Remember how Saddam enchanted gullible western journalists? Remember Saddam Hussein playing cat and mouse with Hans Blix? Perfectly normal behavior for a socio-path.
A seriously attachment disordered child will show no regret at having hurt another person, or may offer perfunctory apologies. He may find it fun to torture animals.
Saddam’s sadism was legendary. Evidently, he found it fun to put people through plastic shredders. He even began taking his son Uday to observe torture sessions when the child was ten.

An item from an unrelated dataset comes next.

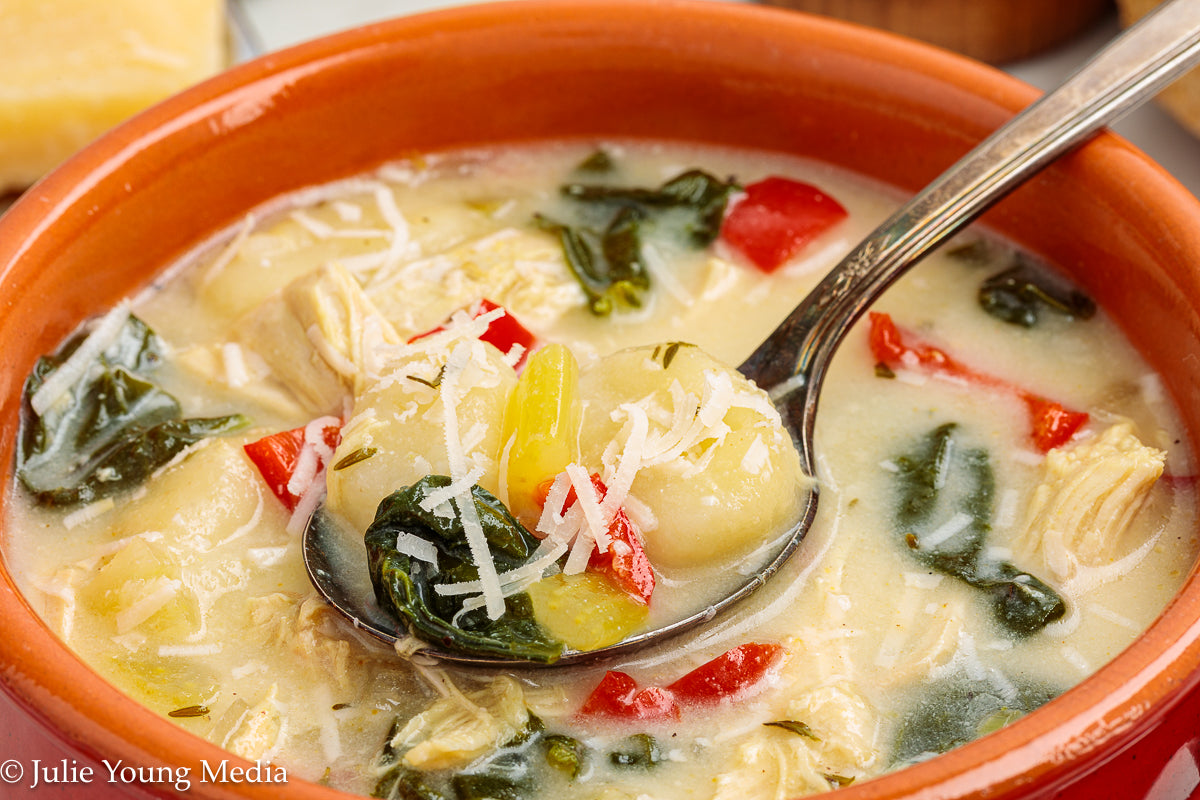 Chicken Florentine Soup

The disturbed children I have seen are difficult and scary enough for anyone to have to deal with. Imagine one of these children grown up. Let him run a country. Allow him to be unaccountable to anyone. What you’ll get is Saddam’s Iraq. The world would be way ahead if our opinion-leaders had some remote understanding of the kind of person they’re dealing with.
In next week’s column, I’ll tell you how to deal with attachment disordered children, and what that has to do with how we ought to treat Saddam. But for now, just realize his thirty years of recreational torture is not the behavior of a normal person. Normal methods will do nothing to discourage future sociopaths, or to adequately repair the harm this one has caused.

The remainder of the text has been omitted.